The tetraalkoxide titanium and / or tetraphenoxide titanium represented by the general formula (I) is not particularly limited as long as R ₂ is an alkyl group and / or a phenyl group, but tetraisopropoxy titanium, tetra-n- Propoxy titanium, tetra-n-butoxy titanium, tetraethoxy titanium, tetramethoxy titanium, tetraphenoxy titanium and the like are preferably used. In addition, the aromatic polyvalent carboxylic acid represented by the general formula (II) to be reacted with the titanium compound or the anhydride thereof includes phthalic acid, trimellitic acid, hemimellitic acid, pyromellitic acid or an anhydride thereof. Preferably used. When reacting the above titanium compound with an aromatic polyvalent carboxylic acid or anhydride thereof, dissolve the aromatic polyvalent carboxylic acid or part or all of the anhydride in a solvent, and drop the titanium compound into this. And may be allowed to react at a temperature of 0 to 200 ° C. for 30 minutes or more. The reaction product thus obtained can also be used as a polymerization catalyst in the production of polyester.

  The amount of the titanium compound used as the polymerization catalyst is not particularly limited, but is preferably in the range of 3 to 30 mmol% as a Ti metal atom with respect to all repeating units constituting the polyester as described above. A more preferable usage amount is as described above. Moreover, the catalyst which consists of these titanium compounds can be used simultaneously not only as a polymerization catalyst but also as a transesterification reaction catalyst.

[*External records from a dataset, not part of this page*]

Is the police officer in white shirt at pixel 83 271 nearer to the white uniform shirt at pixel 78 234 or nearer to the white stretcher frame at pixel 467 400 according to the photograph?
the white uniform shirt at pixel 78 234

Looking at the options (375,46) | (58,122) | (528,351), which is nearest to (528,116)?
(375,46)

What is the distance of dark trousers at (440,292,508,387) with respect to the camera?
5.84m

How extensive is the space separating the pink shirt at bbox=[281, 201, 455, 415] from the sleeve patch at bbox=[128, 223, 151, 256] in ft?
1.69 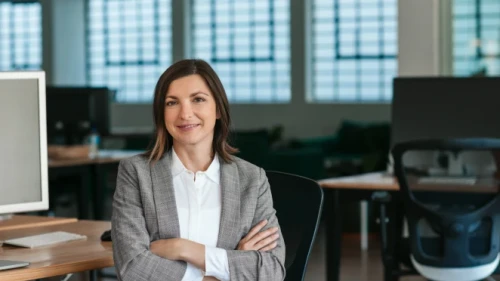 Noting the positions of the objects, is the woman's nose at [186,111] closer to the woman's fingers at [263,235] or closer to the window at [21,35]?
the woman's fingers at [263,235]

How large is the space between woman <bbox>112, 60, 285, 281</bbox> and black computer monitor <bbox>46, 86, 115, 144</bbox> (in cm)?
473

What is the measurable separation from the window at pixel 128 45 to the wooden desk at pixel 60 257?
13234 millimetres

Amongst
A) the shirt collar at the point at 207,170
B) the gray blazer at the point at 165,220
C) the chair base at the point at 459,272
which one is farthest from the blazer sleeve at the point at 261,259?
the chair base at the point at 459,272

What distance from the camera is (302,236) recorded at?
2.90m

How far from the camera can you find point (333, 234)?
17.6 ft

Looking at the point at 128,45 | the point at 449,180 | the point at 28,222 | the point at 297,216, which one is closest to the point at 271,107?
the point at 128,45

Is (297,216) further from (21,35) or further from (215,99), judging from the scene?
(21,35)

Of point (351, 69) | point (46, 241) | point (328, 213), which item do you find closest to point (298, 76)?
point (351, 69)

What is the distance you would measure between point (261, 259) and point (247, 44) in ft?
43.8

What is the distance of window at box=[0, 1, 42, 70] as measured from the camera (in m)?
17.0

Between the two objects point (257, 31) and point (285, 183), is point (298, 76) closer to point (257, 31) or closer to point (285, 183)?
point (257, 31)

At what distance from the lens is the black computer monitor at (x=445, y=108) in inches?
199

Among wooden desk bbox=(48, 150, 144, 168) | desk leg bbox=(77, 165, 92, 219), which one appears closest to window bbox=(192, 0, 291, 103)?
wooden desk bbox=(48, 150, 144, 168)

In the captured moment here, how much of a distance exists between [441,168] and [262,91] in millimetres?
11135
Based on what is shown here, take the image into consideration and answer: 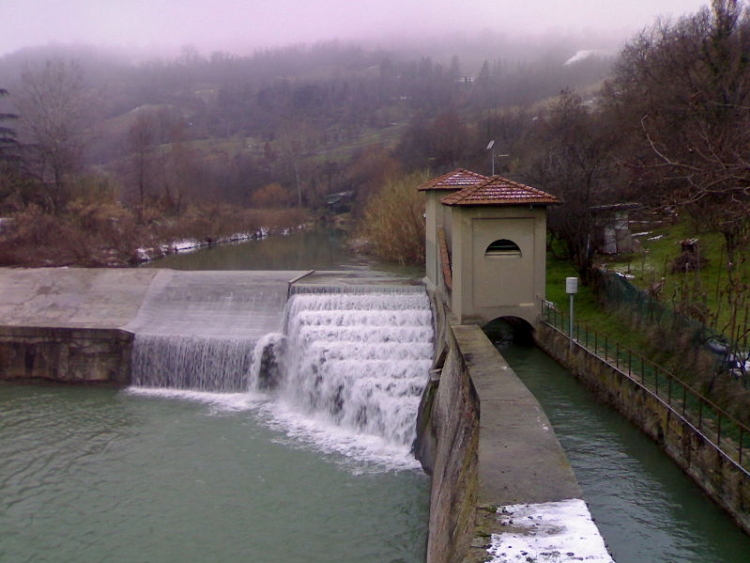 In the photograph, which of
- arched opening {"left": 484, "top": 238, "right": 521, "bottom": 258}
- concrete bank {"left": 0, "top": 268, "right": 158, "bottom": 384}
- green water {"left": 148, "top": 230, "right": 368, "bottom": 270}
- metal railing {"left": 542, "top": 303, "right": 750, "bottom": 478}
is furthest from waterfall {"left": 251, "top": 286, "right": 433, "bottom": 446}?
green water {"left": 148, "top": 230, "right": 368, "bottom": 270}

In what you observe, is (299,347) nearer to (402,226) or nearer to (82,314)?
(82,314)

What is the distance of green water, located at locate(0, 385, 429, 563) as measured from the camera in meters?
9.40

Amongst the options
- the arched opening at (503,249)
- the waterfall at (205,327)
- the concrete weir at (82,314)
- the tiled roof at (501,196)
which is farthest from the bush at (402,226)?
the tiled roof at (501,196)

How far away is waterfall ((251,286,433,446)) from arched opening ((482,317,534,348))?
1789 mm

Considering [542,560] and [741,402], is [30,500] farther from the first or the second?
[741,402]

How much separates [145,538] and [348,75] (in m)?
180

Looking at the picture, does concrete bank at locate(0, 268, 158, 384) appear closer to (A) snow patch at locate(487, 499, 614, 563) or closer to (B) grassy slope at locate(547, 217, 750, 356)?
(B) grassy slope at locate(547, 217, 750, 356)

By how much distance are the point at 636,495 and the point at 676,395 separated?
228cm

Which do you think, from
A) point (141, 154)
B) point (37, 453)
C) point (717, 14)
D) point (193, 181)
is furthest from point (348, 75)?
point (37, 453)

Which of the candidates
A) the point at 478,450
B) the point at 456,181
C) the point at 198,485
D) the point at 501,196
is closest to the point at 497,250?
the point at 501,196

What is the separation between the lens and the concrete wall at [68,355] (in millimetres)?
17109

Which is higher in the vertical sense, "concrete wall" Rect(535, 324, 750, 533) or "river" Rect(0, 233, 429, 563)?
"concrete wall" Rect(535, 324, 750, 533)

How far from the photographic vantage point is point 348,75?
181 m

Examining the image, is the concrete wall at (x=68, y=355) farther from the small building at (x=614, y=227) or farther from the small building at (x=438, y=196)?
the small building at (x=614, y=227) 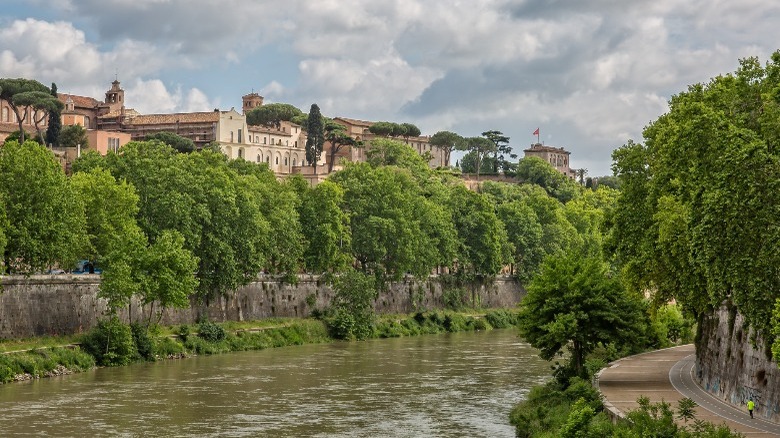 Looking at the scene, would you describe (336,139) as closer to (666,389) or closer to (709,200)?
(666,389)

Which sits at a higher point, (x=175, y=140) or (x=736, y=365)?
(x=175, y=140)

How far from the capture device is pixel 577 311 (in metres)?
44.8

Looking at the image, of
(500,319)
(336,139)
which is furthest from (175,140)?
(500,319)

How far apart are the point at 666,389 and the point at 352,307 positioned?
138ft

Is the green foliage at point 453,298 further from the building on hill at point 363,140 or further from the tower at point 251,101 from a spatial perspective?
the tower at point 251,101

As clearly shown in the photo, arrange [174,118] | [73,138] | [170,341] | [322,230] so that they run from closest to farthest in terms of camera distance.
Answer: [170,341] → [322,230] → [73,138] → [174,118]

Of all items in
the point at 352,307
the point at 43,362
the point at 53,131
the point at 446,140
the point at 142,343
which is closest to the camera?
the point at 43,362

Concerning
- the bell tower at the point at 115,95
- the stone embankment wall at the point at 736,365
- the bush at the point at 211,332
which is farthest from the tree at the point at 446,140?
the stone embankment wall at the point at 736,365

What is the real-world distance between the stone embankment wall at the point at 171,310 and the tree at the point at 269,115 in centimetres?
7044

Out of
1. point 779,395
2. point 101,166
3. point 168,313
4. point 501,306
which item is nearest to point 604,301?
point 779,395

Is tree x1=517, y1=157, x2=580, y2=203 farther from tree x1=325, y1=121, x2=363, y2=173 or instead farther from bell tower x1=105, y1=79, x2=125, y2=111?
bell tower x1=105, y1=79, x2=125, y2=111

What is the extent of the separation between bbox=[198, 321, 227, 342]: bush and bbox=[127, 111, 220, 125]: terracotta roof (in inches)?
3026

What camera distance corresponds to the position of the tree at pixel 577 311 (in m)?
44.8

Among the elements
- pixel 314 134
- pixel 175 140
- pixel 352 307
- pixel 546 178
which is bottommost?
pixel 352 307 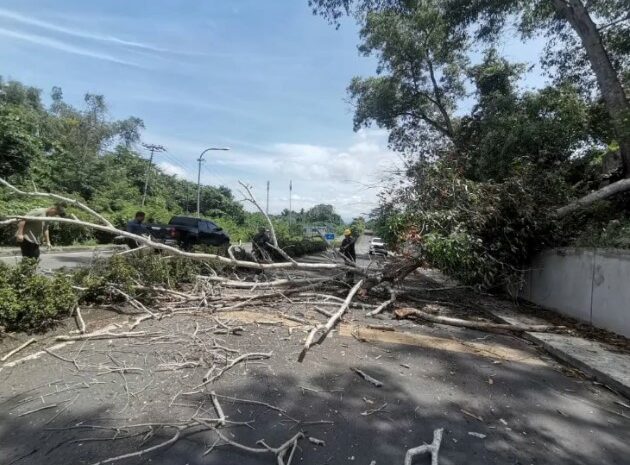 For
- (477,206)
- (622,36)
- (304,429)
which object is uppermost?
(622,36)

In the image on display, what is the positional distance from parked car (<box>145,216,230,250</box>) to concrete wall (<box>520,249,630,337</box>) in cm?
1065

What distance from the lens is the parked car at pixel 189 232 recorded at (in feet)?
50.4

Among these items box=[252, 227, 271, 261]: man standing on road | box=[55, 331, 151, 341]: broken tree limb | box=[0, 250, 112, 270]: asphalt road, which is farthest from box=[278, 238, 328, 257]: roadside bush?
box=[55, 331, 151, 341]: broken tree limb

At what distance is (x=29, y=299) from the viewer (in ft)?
15.9

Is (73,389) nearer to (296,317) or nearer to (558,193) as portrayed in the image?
(296,317)

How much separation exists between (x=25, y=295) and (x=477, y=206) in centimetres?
810

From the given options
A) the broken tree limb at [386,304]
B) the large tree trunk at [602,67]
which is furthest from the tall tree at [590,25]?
the broken tree limb at [386,304]

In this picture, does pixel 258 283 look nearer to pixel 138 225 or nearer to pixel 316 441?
pixel 316 441

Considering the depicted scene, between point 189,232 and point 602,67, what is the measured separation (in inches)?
580

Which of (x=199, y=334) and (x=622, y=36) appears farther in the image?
(x=622, y=36)

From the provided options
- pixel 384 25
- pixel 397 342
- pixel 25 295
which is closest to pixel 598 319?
pixel 397 342

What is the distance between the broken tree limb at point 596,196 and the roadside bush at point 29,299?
9.56 metres

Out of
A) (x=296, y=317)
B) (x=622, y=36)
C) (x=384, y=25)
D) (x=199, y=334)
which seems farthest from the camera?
(x=384, y=25)

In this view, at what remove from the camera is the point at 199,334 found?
5.39 meters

Among the above-described polymerization catalysts, particularly when a titanium compound is used as the polymerization catalyst, the effects of the present invention can be particularly exerted. However, the titanium compound used as the polymerization catalyst is more preferably the above-described general formula ( II), or a product obtained by reacting a compound represented by the general formula (II) with an aromatic polycarboxylic acid represented by the following general formula (III) or an anhydride thereof. .

  In the present invention, as the polymerization catalyst used in producing the polyester, it is also preferable to use any one or more of a germanium compound and an aluminum compound in addition to the titanium compound as described above. Here, it does not specifically limit as a germanium compound and an aluminum compound, A general thing is mentioned as a polymerization catalyst of polyester. For example, germanium dioxide or germanium tetraalkoxide, aluminum acetylacetonate and the like can be mentioned. Among these, germanium dioxide, aluminum acetylacetonate and the like are particularly preferably selected.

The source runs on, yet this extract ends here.